Tuesday’s event, which took place at the downtown Birmingham venue Haven, followed a similar presentation that took place in March, also titled “The Big Picture.” Both events were intended to provide an update on the Woodfin administration’s strategic initiatives. But while March’s event featured presentations from a slew of city officials, Tuesday night’s presentation centered on a half-hour speech from Woodfin.
For the rest of the evening, attendees were encouraged to mix and mingle using the mobile app Mixtroz, which was developed in Birmingham. Representatives of the microtransit service Birmingham Direct — a partnership with ridesharing company Via, which launched Tuesday morning — were also present, handing out coupons for the new service and displaying one of the program’s Mercedes vans.
Woodfin’s speech mostly summarized his administration’s recent achievements, often describing them in terms of how they might help a single mother or grandmother living in one of the city’s neighborhoods. He pointed to the city’s neighborhood revitalization fund, which is intended to address “quality-of-life issues” for Birmingham residents. “What initially started out as a $1.6 million investment has now gone to $7.2 million in the neighborhood fund,” he said.

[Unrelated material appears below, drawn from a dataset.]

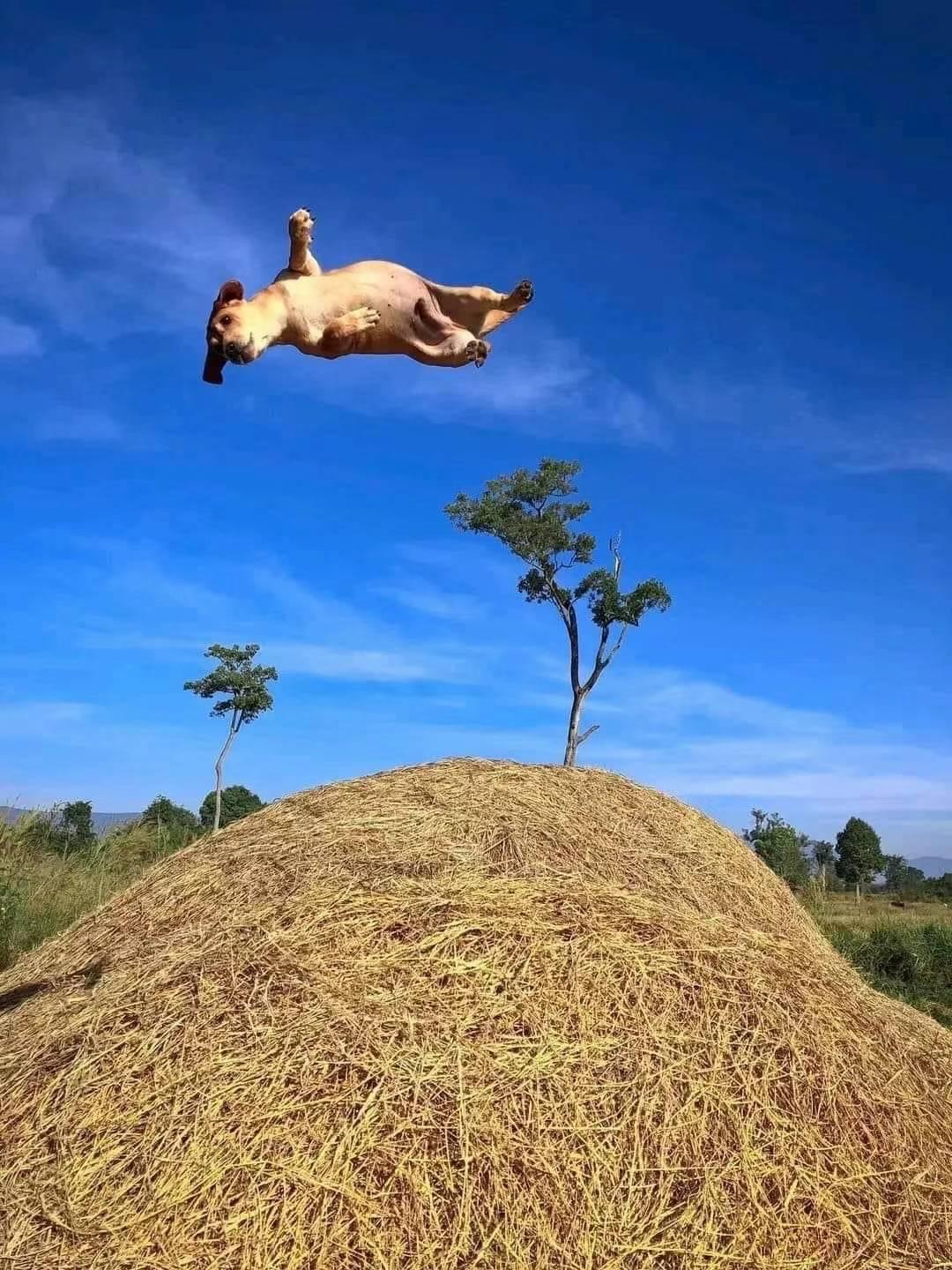 小鲸鱼 的想法: 飞起来的小狗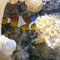 Aquarium in Canet-Plage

That money, he added, had gone toward paving 16 miles of roads, tearing down over 700 dilapidated structures and repairing over 27,000 potholes. “If I can nerd out about it, that’s really 27,516 potholes,” he said. “Don’t ask me why I know that number.”
Woodfin also addressed public safety in the city, insisting that despite high-profile crimes such as the murders of Birmingham Police Sgt. Wytasha Carter in January and 3-year-old Kamille “Cupcake” McKinney in October, “We have seen a double-digit decrease in all crime categories — crimes against persons and crimes against property.” Those decreases, he said, were the results not only of the Birmingham Police Department, but of the public health-centered approach to violent crime embodied by his administration’s “Peace” strategy.

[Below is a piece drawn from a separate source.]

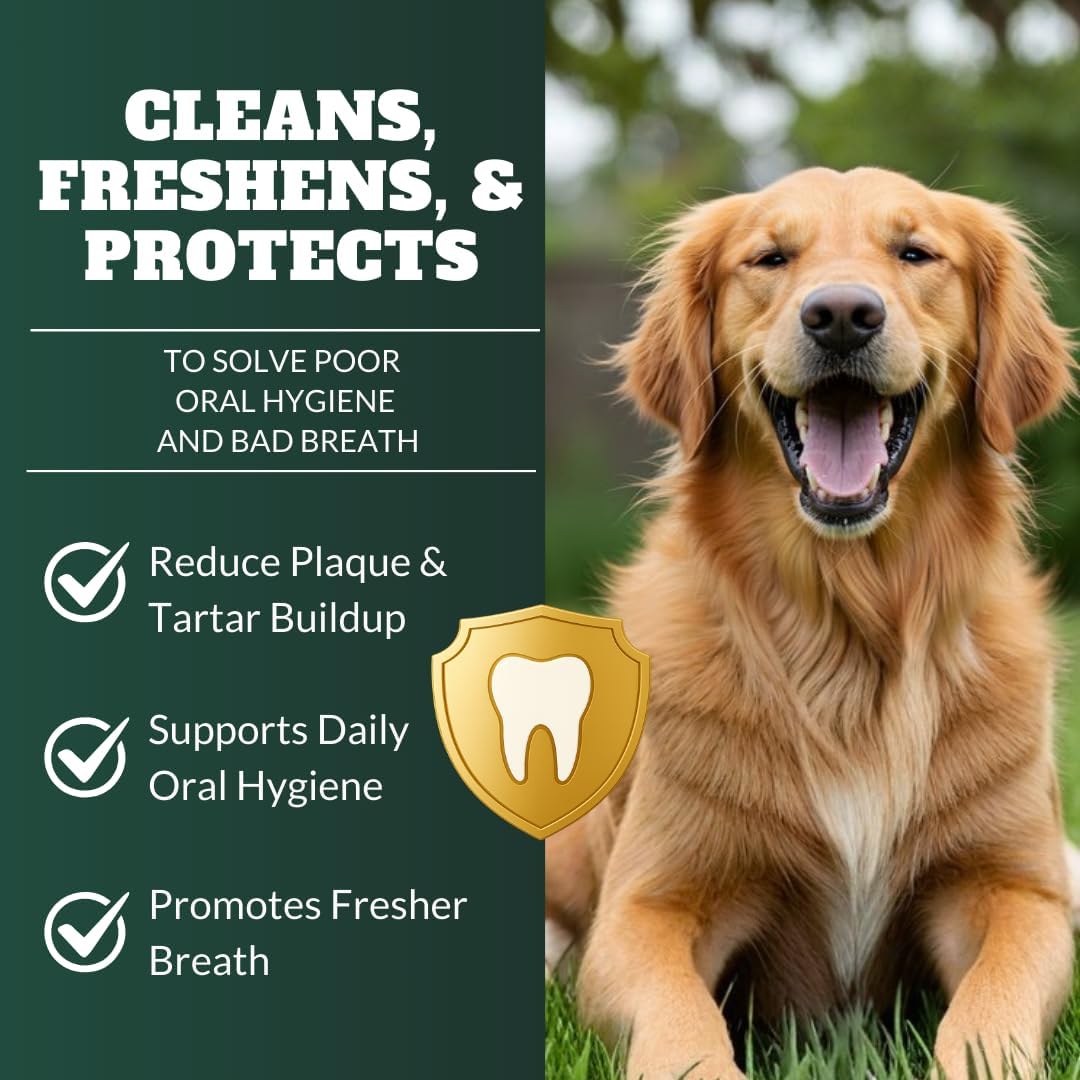 DRMOIS dog teeth cleaning powder packaging showing natural seaweed ingredients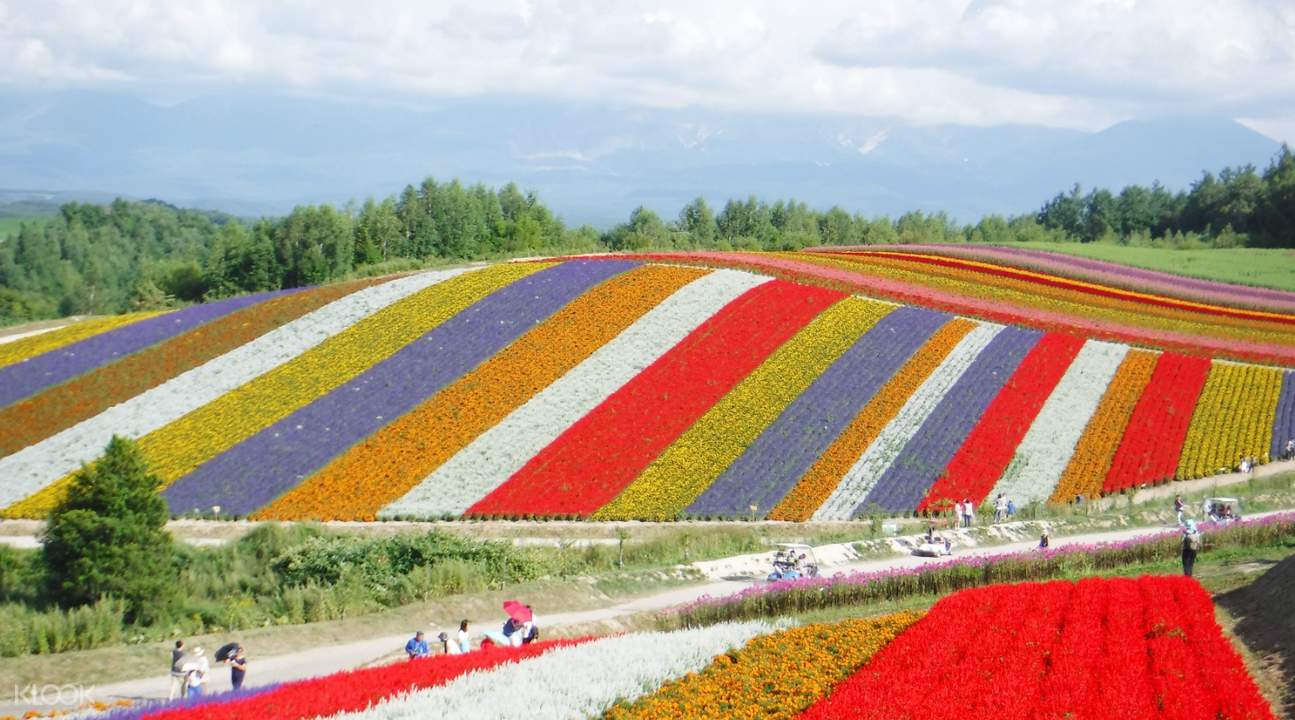 Hokkaido Farm Tomita, Shikisai No Oka, And Blue Pond Day Tour, Japan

Other recent highlights of his administration, Woodfin said, included an overhaul of the city’s 3-1-1 center, a new program issuing pardons for low-level marijuana convictions and the Birmingham Promise program, which will fund apprenticeships and scholarships for students of Birmingham City Schools. He also pointed toward efforts to revitalize business in the downtown Ensley area.
Going forward, Woodfin said, his administration would focus on efforts to turn the city into a “hub for women- and minority-owned businesses, and to do what is necessary for them to be successful,” a goal that a series of grants approved by the City Council Tuesday morning are designed to address.

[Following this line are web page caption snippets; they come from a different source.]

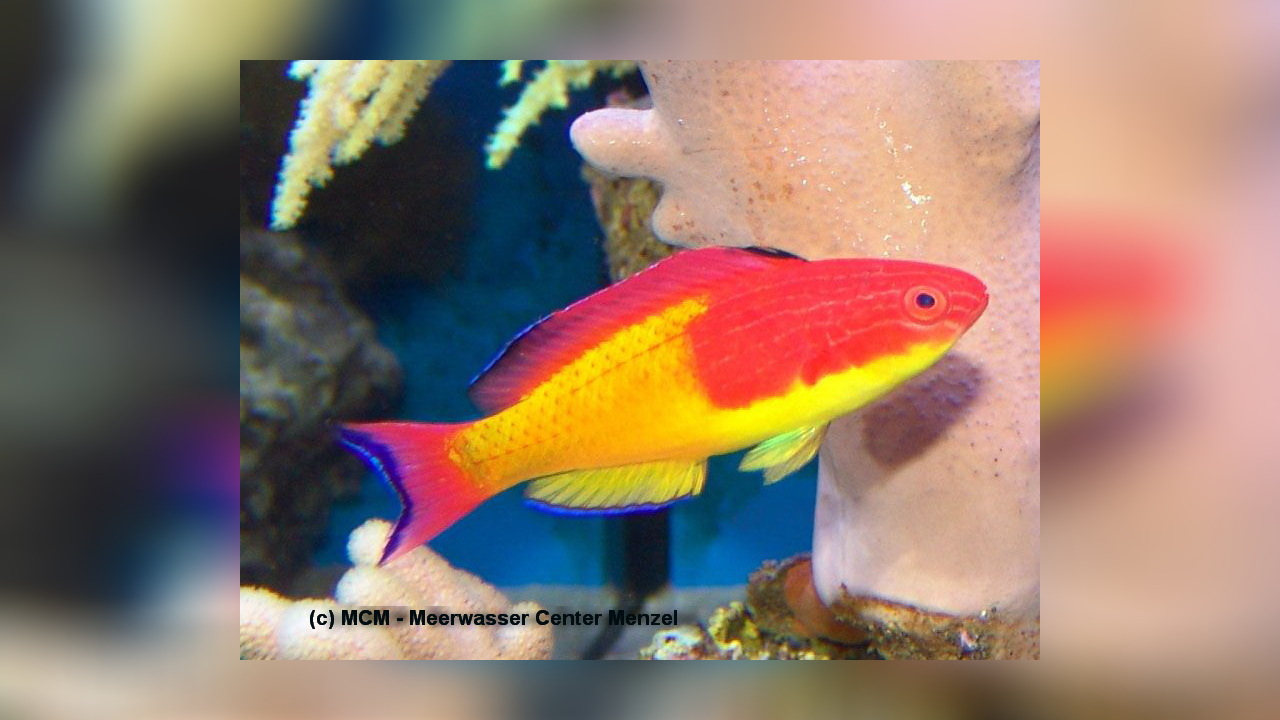 Cirrhilabrus bathyphilus TiefseeFahnenLippfisch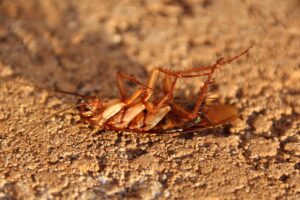 香川でのゴキブリ駆除にかかる費用比較はどのように行うべき？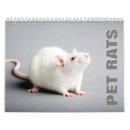 Search for rat calendars Animal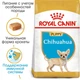 Сухий корм Royal Canin Chihuahua Puppy для цуценят чихухуа Купуй 1,2кг+300г у подарунок Royal Canin - изображение 1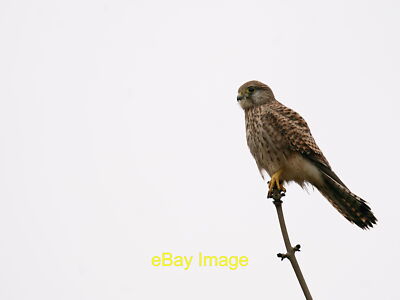 Foto 6x4 Turmfalke Wallington\/TQ2964 Seine Krallen greifen die Spitze o c2022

The environment, he added, would be a major concern for the back half of his first term.
“We’ve got a whole lot more environmental justice and sustainability issues to address within the next two years,” he said, “but we’ve laid the groundwork and foundation to address these environmental issues in our city.”
“In the coming two years, there are many more issues to address,” he added. “Homelessness. Recycling. Many other ways that this government can be more efficient, and many other things individually and collectively as a city … I ask that you all stick with us as an administration, that you get involved and participate … All of us call this city our home, and that’s the big picture.”